TASK DETAILS: Repeat the data that follows verbatim. Images are not part of the copy.

COLLECTED DATA:
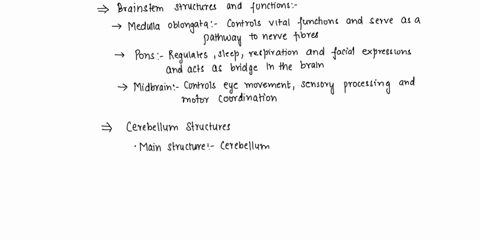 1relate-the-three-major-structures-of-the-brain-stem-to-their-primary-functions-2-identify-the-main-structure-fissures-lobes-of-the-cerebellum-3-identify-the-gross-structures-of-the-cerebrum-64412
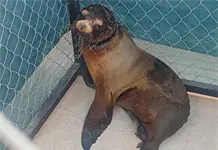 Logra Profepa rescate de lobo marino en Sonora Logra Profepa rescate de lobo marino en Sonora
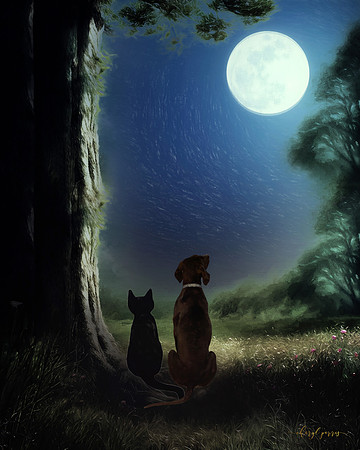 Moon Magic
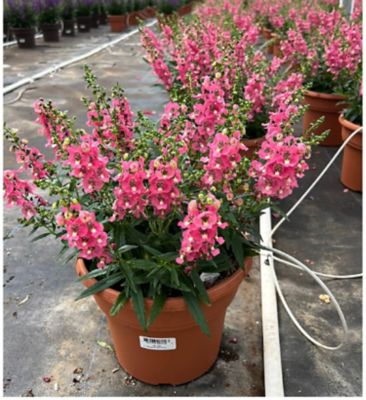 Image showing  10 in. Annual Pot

ANSWER SPACE:
 1relate-the-three-major-structures-of-the-brain-stem-to-their-primary-functions-2-identify-the-main-structure-fissures-lobes-of-the-cerebellum-3-identify-the-gross-structures-of-the-cerebrum-64412
 Logra Profepa rescate de lobo marino en Sonora Logra Profepa rescate de lobo marino en Sonora
 Moon Magic
 Image showing  10 in. Annual Pot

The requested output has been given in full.